Hi Ovid,
On Wed, Apr 07, 2010 at 12:04:08AM -0700, Ovid wrote:
> --- On Wed, 7/4/10, Lutz Gehlen <[email protected]> wrote:
> > What I need a central place for is the definition of the
> > actual
> > error messages. With my module Exception::EasyThrow, I can
> > write at
> > the beginning of my module:
> >
> > use Exception::EasyThrow
> > (var_ud => 'Variable %s is undefined. We
> > are doomed.',
> > ... => ...);
> >
> > and then later
> >
> > var_ud('foo') if(!defined($foo));
>
> Note, in your code above, you can still have different error
> messages in different packages. You've made things a touch easier,
> but not really solved the underlying problem.
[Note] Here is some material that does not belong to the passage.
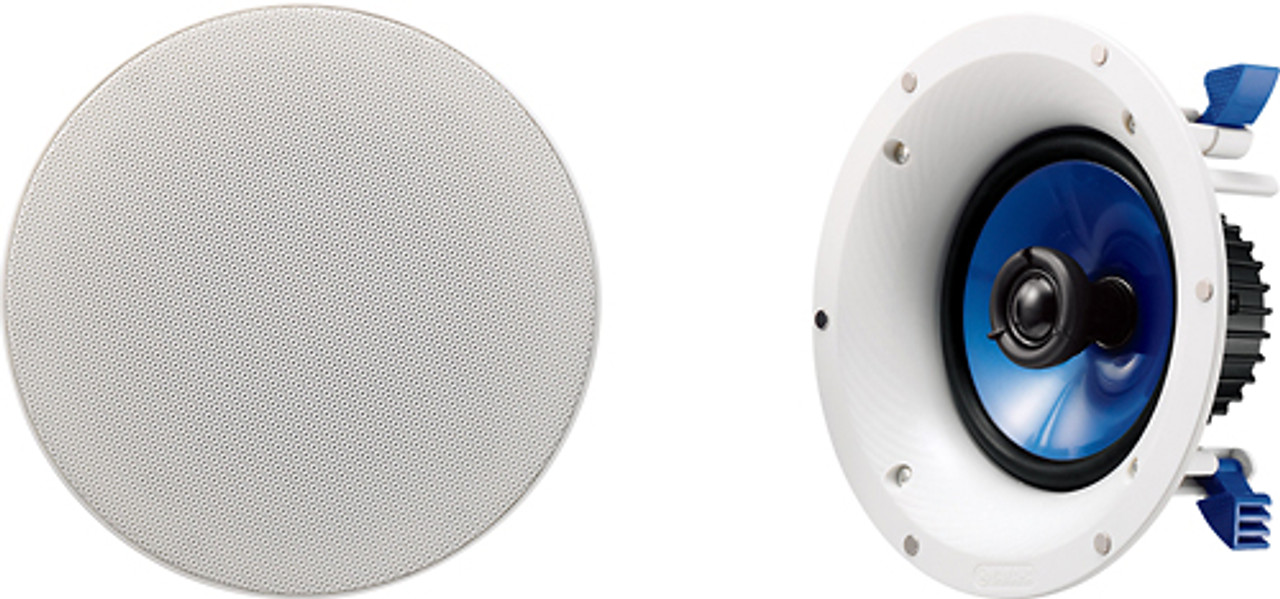 Yamaha - 6-1/2" 2-Way In-Ceiling Speakers (Pair) - White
I usually handle this by having a central module defining the error
functions and offering them for import.
> What about this proposal for Exception::Class?
>
> package My::Exceptions;
>
> use Exception::Class (
> 'MyException',
> 'IORead' => {
> isa => 'MyException',
> alias => 'throw_io_read',
> format => [ 'Cannot open %s for reading: %s' ],
> },
> );
>
> And then:
>
> use My::Exceptions 'throw_io_read';
>
> open my $fh, '<', $filename or throw_io_read $filename, $!;
I think that an inclusion into Exception::Class is definitely worth
thinking about. I even contacted Dave about it once, but I fear I
wasn't very clear about what I had in mind, so he suggested that I
publish my module first and he would consider it for
Exception::Class. Dave, what do you think about Ovid's suggestion?
One thing that always troubled me when I thought about a good way to
add my desired behaviour to Exception::Class and that is also an
issue with the 'format' suggestion is that I think that an own class
for each message might be a bit of an overkill. If I think of
exception hierarchies I rather think of a class like
My::Exception::IO (instead of IORead in your example). A read
failure would lead to an instance of the IO class with a message
about the read failure.
Therefore I went for a different way just for throwing the
exception. I don't claim to have made up my mind completely about
this. As mentioned before, I started this thread to raise a
discussion. But this is why I did not go your way so far.